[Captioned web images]
******************************

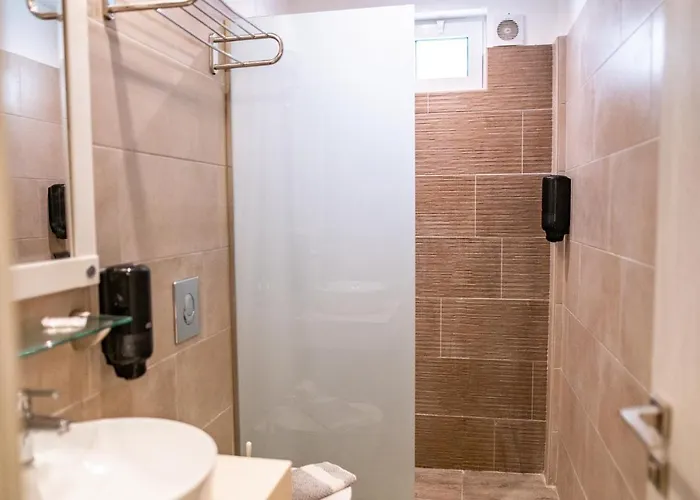 Apartamento Aspa Holidays Cós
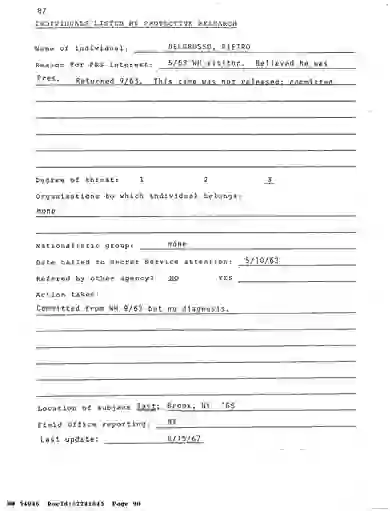 scanned image of document item 90/409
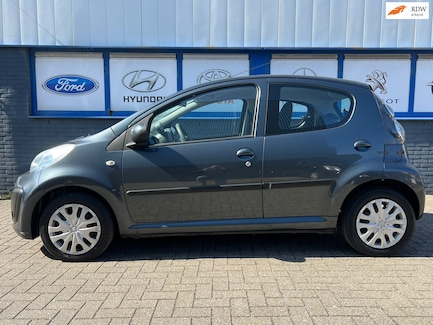 Citroën C1 0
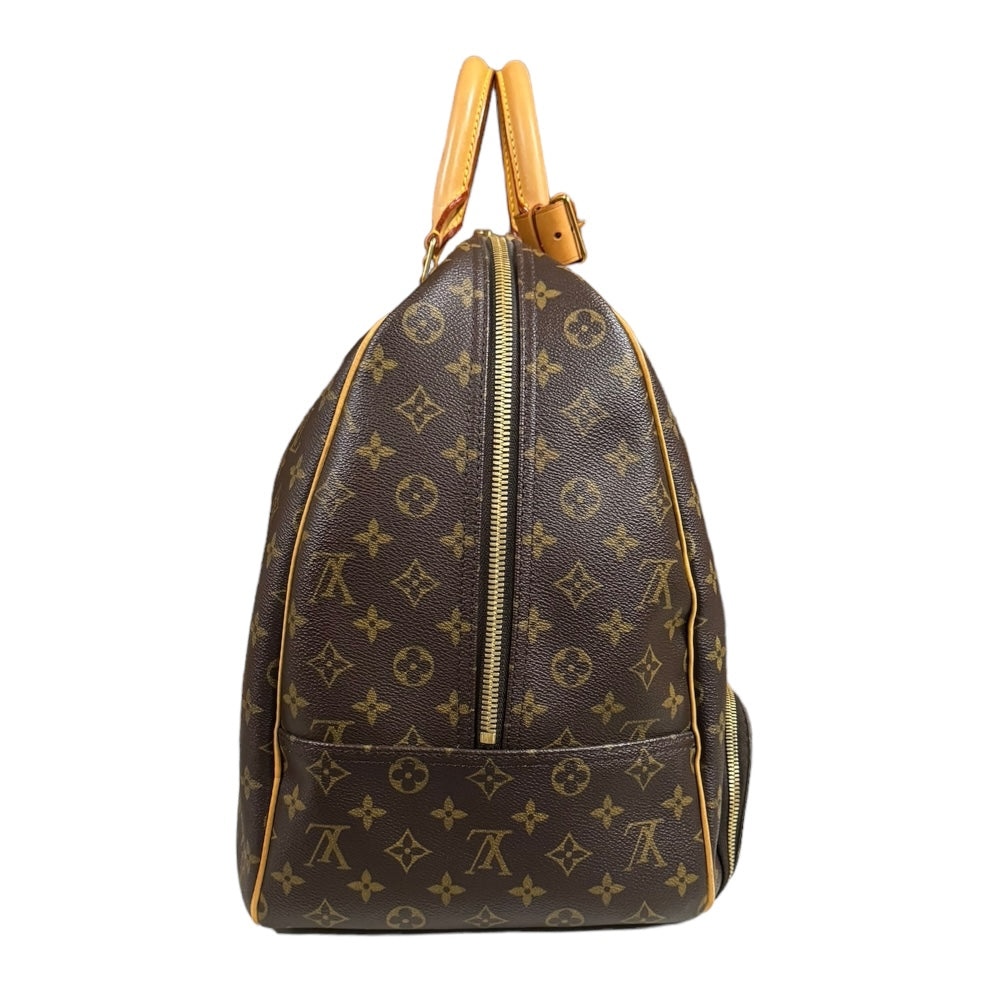 LOUIS VUITTON ルイヴィトン エヴァジオン モノグラム ボストンバッグ モノグラムキャンバス ブラウン ユニセックス 中古 –  【公式】リサイクルキング オンラインショップ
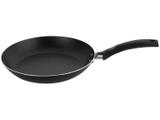 Frigideira Antiaderente Multiflon - 24cm Preta Gourmet 55024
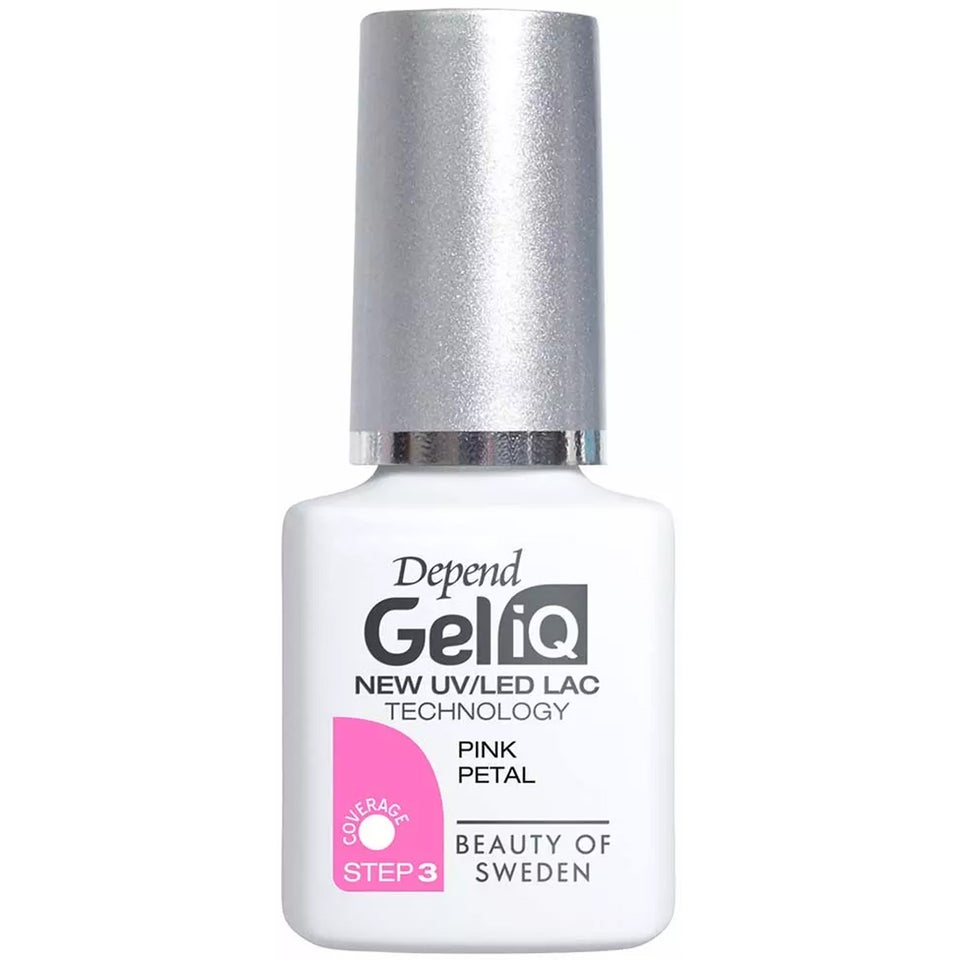 Gel iQ
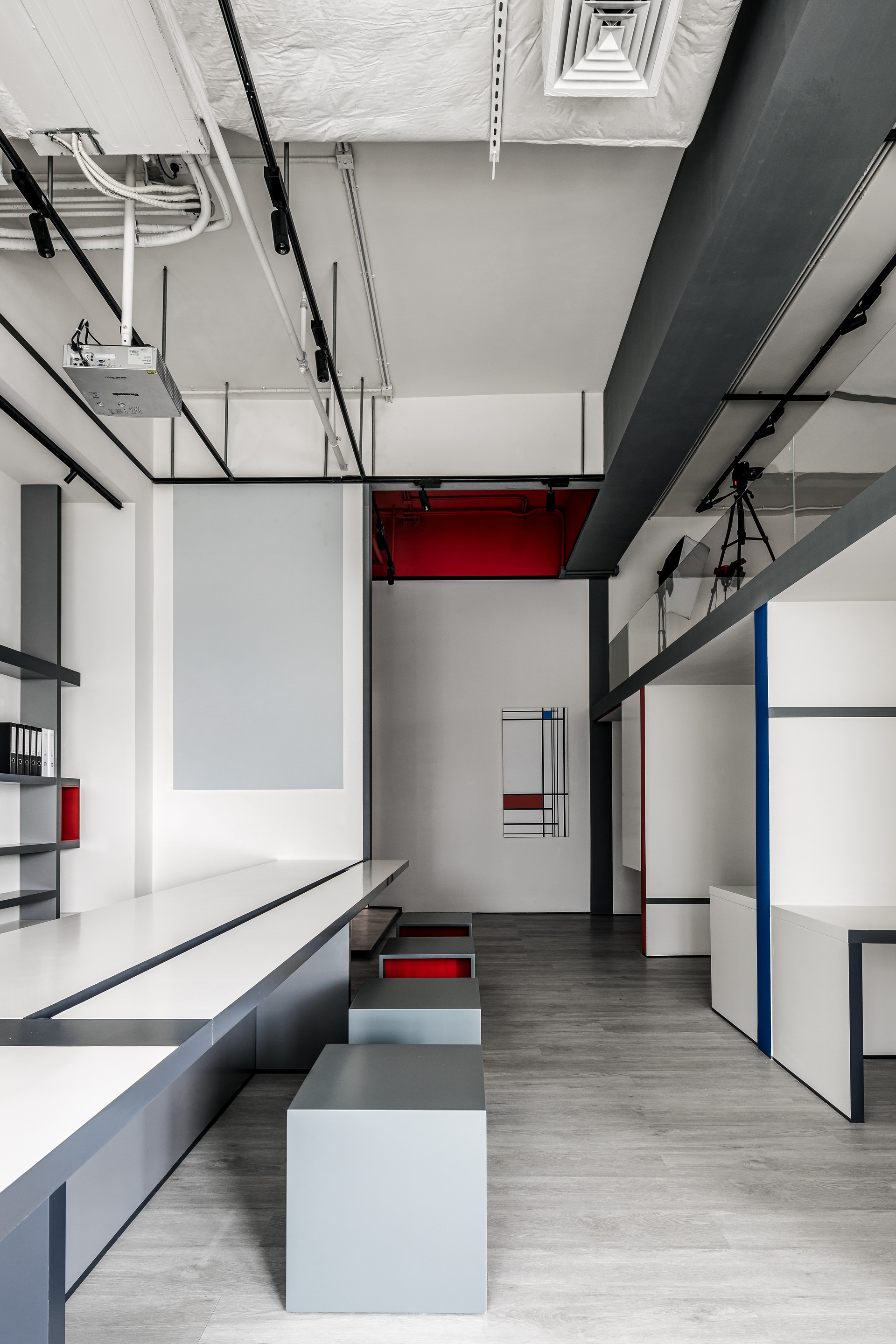 Hotel Interior Design Kuala lumpur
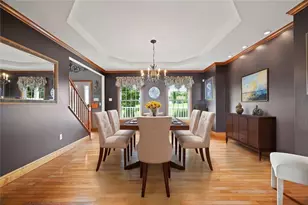 123 Harkins Mill Rd, New Sewickley Township, PA 15074 - Photo 7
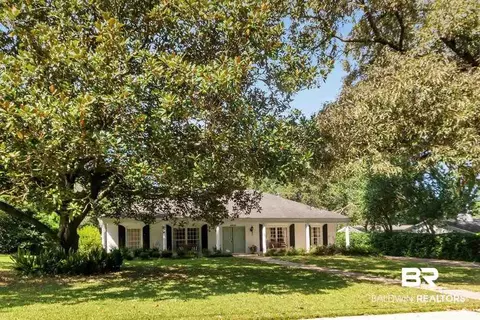 4466 Emperor Dr, Mobile, AL 36608 photo 2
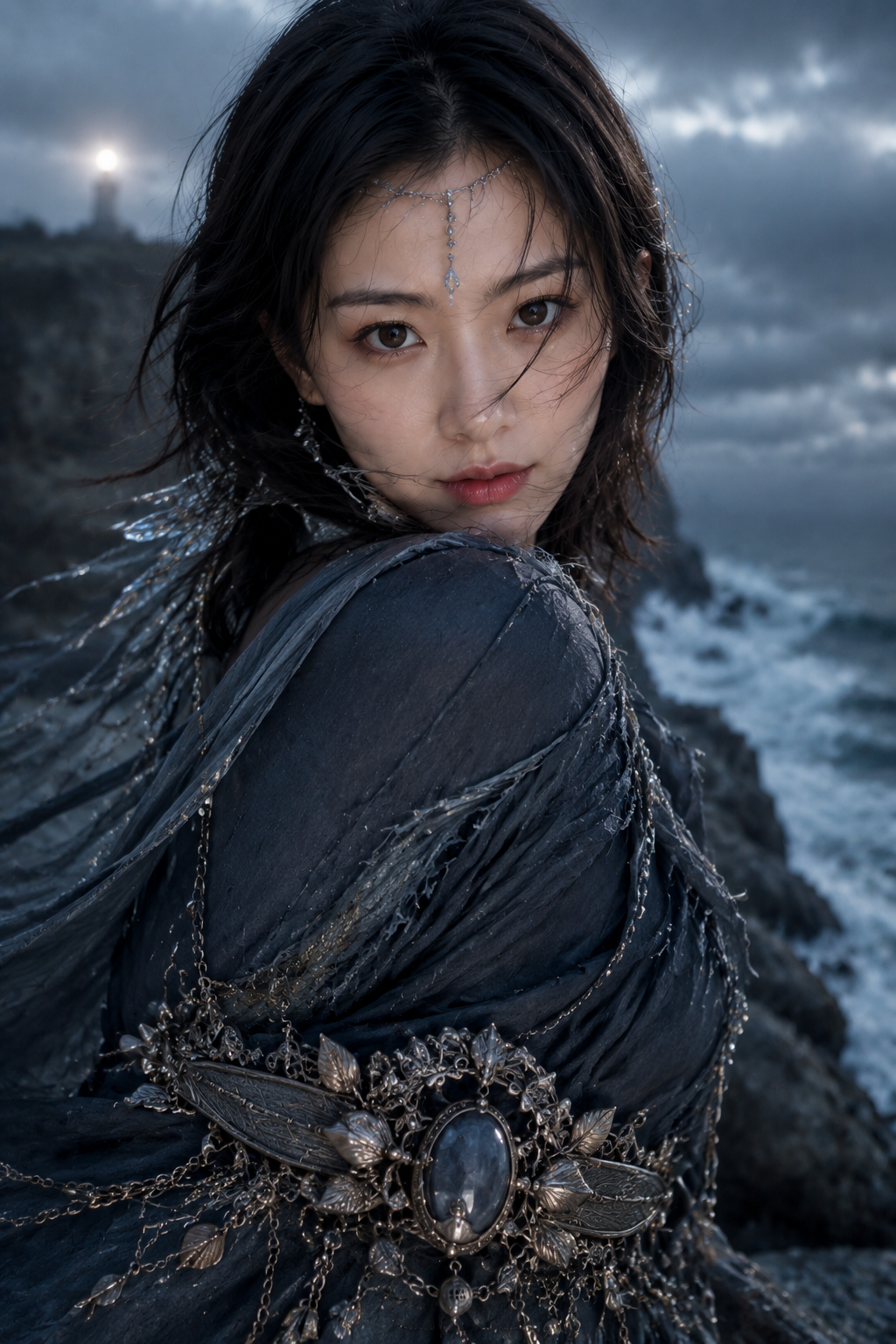 风暴海姬主题样片 5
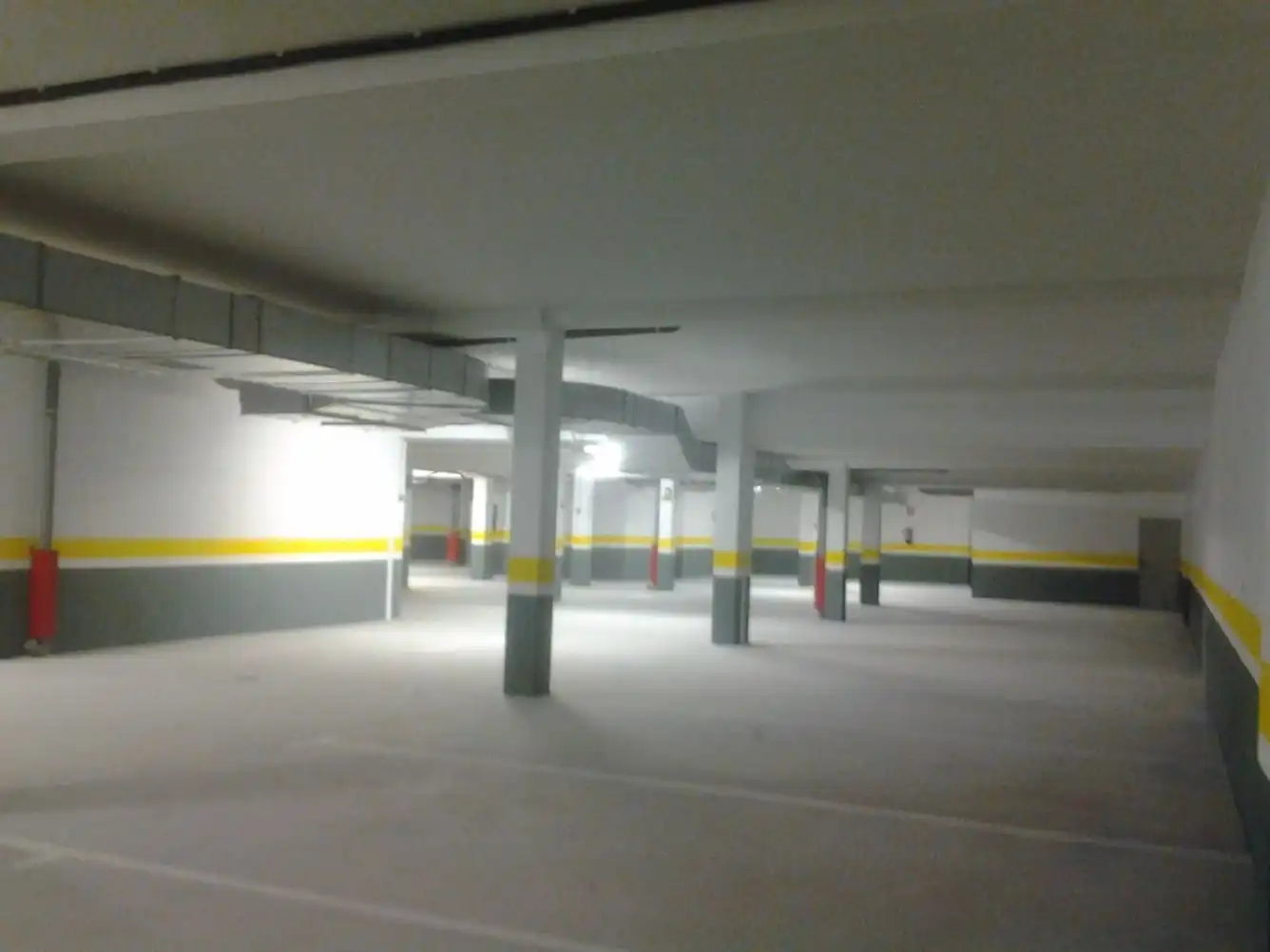 Parking of Garage for rent in Valdemoro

******************************

▶ ACTION ITEM
For this exercise, set down exactly the lines that run from the line holding "Citroën C1 0" to the last line of the records above; include both end lines and omit pictures.

▶ TASK RESPONSE
 Citroën C1 0
 LOUIS VUITTON ルイヴィトン エヴァジオン モノグラム ボストンバッグ モノグラムキャンバス ブラウン ユニセックス 中古 –  【公式】リサイクルキング オンラインショップ
 Frigideira Antiaderente Multiflon - 24cm Preta Gourmet 55024
 Gel iQ
 Hotel Interior Design Kuala lumpur
 123 Harkins Mill Rd, New Sewickley Township, PA 15074 - Photo 7
 4466 Emperor Dr, Mobile, AL 36608 photo 2
 风暴海姬主题样片 5
 Parking of Garage for rent in Valdemoro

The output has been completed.